Take the listing below and print exactly the lines starting at the line containing "Oat Milk, Barista Edition" and ending at the line containing "Aqua Vase - Pack of 2", both ends included, and no others.

▸ **Raw data**
──────────

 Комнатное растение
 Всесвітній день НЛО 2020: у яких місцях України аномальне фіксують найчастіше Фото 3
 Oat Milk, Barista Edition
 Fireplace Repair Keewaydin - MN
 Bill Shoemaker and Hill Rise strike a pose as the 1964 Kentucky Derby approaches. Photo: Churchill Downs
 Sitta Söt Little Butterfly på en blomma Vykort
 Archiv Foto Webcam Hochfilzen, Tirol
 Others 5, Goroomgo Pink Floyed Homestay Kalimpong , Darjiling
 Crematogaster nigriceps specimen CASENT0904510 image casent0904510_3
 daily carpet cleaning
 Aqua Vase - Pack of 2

──────────

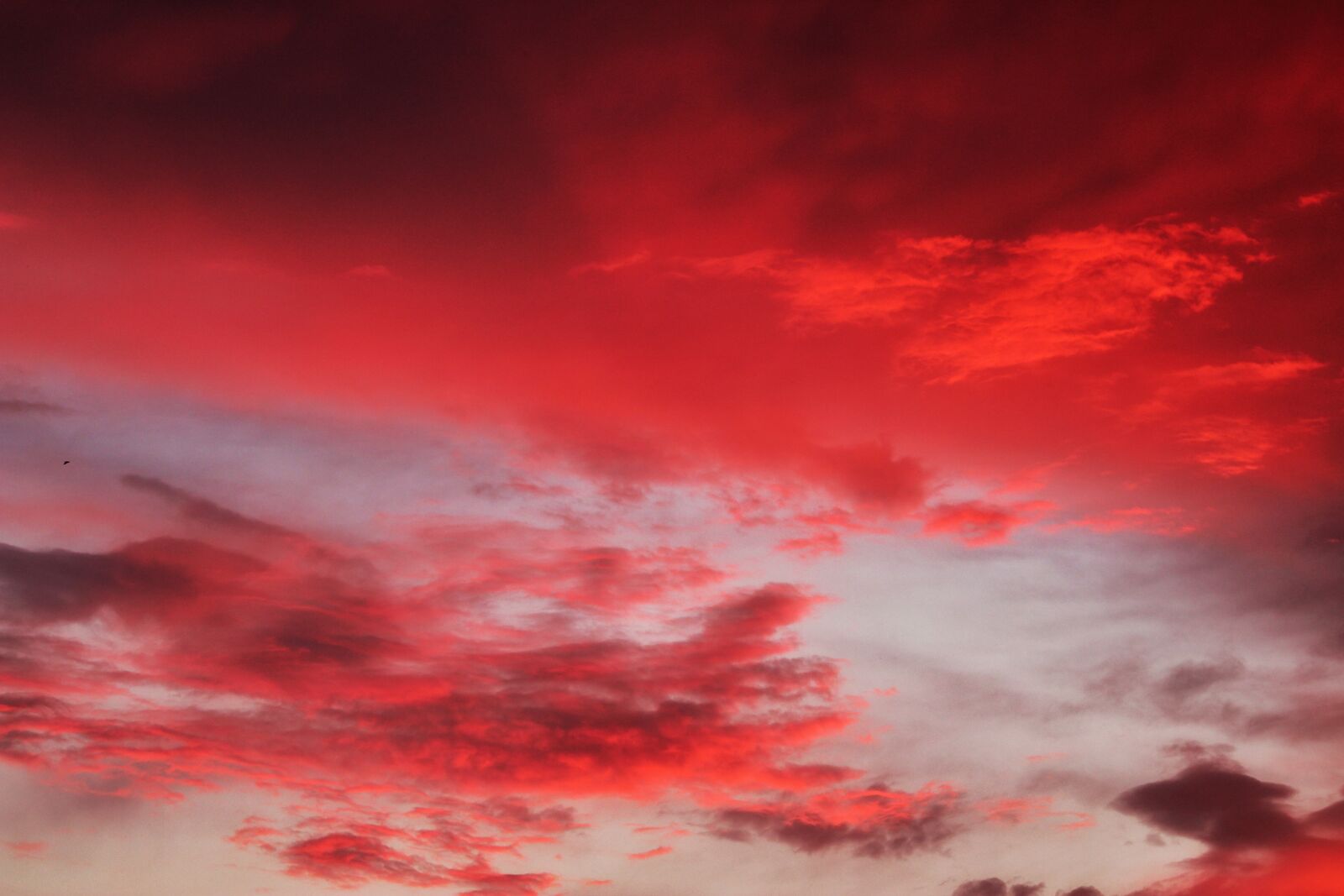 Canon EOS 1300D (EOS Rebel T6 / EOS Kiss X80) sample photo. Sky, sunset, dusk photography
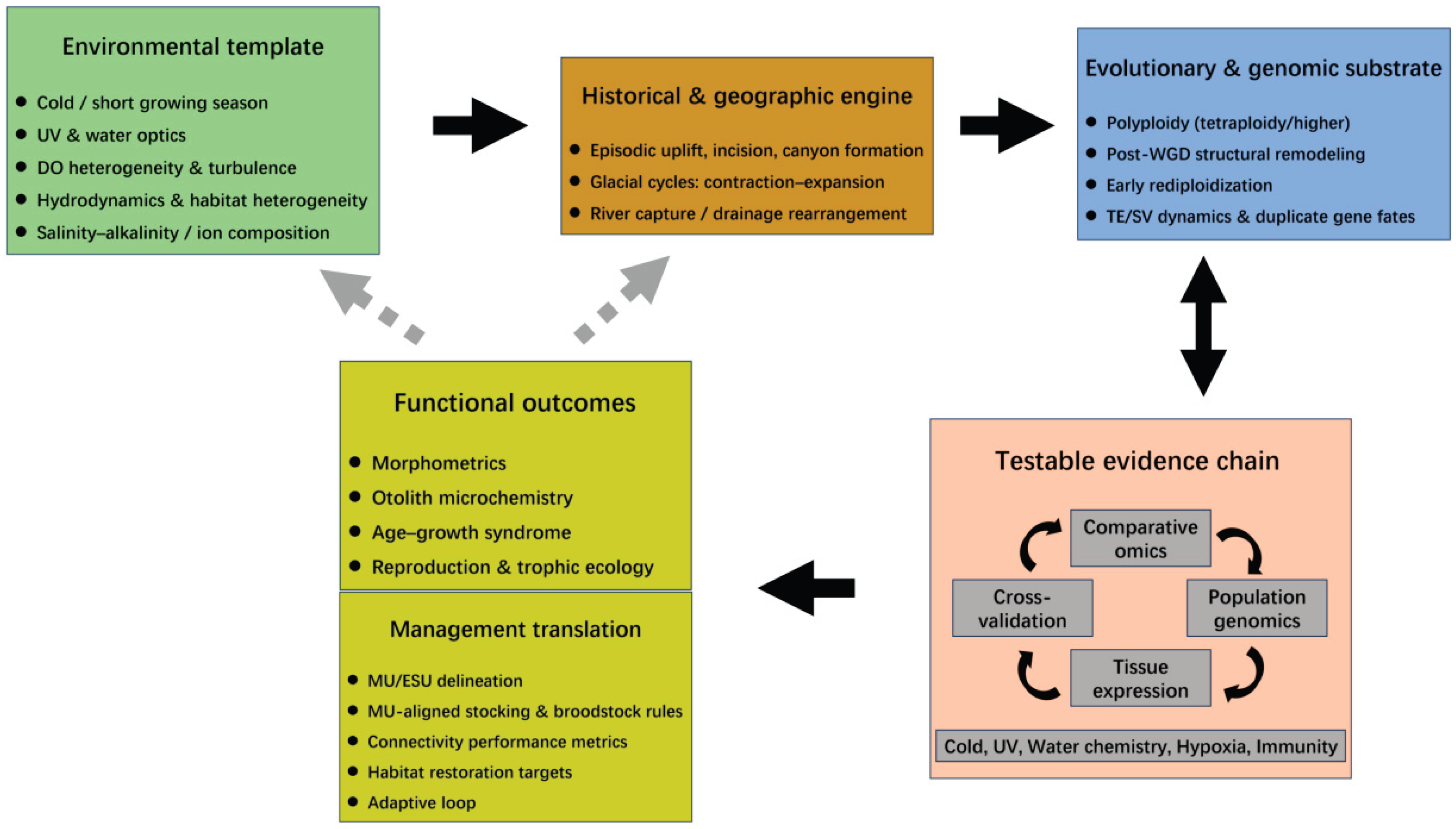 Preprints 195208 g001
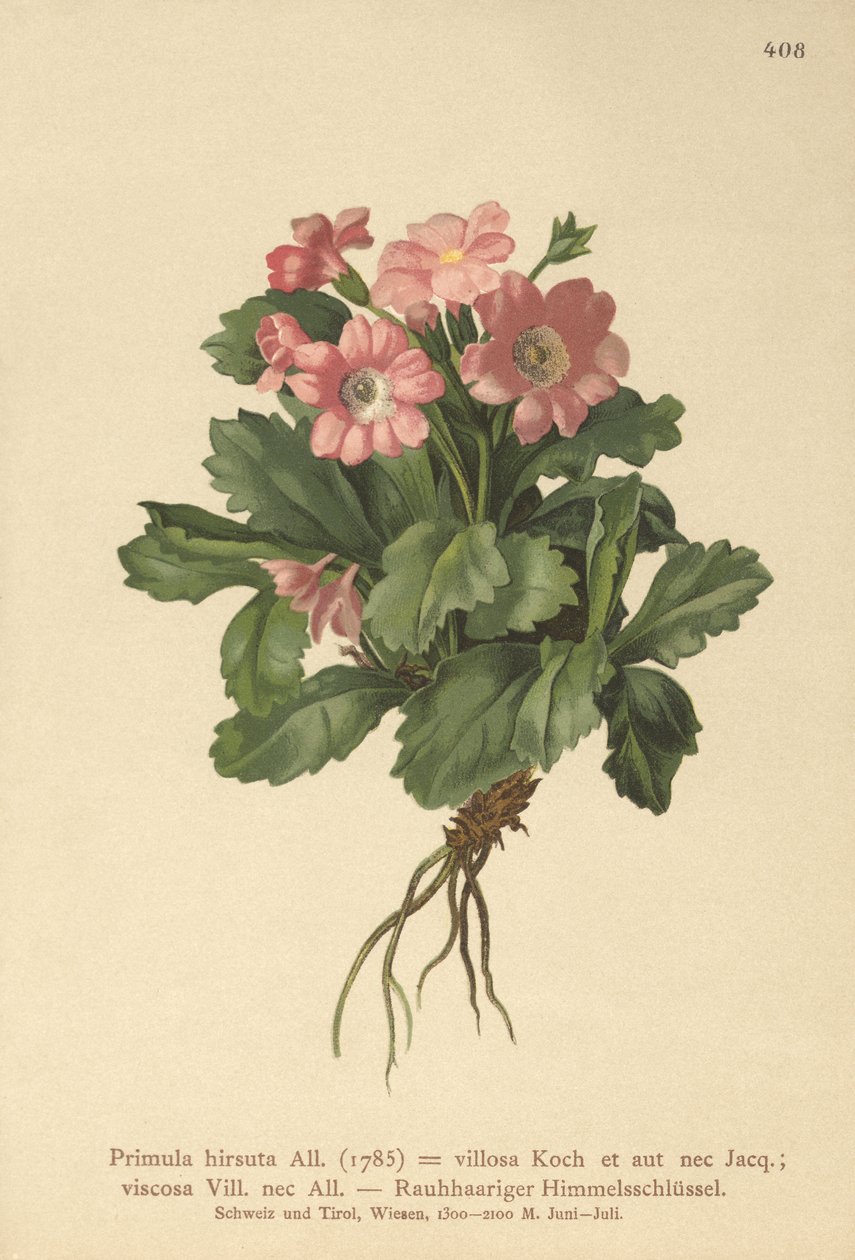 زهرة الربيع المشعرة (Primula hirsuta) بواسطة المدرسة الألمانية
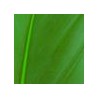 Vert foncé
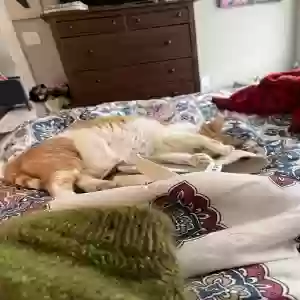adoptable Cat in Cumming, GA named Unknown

──────────

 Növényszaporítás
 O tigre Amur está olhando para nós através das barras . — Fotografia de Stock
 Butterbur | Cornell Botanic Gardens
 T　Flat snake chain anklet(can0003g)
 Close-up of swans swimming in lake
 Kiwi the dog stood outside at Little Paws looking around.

──────────

▸ **Reply to the task**
 Oat Milk, Barista Edition
 Fireplace Repair Keewaydin - MN
 Bill Shoemaker and Hill Rise strike a pose as the 1964 Kentucky Derby approaches. Photo: Churchill Downs
 Sitta Söt Little Butterfly på en blomma Vykort
 Archiv Foto Webcam Hochfilzen, Tirol
 Others 5, Goroomgo Pink Floyed Homestay Kalimpong , Darjiling
 Crematogaster nigriceps specimen CASENT0904510 image casent0904510_3
 daily carpet cleaning
 Aqua Vase - Pack of 2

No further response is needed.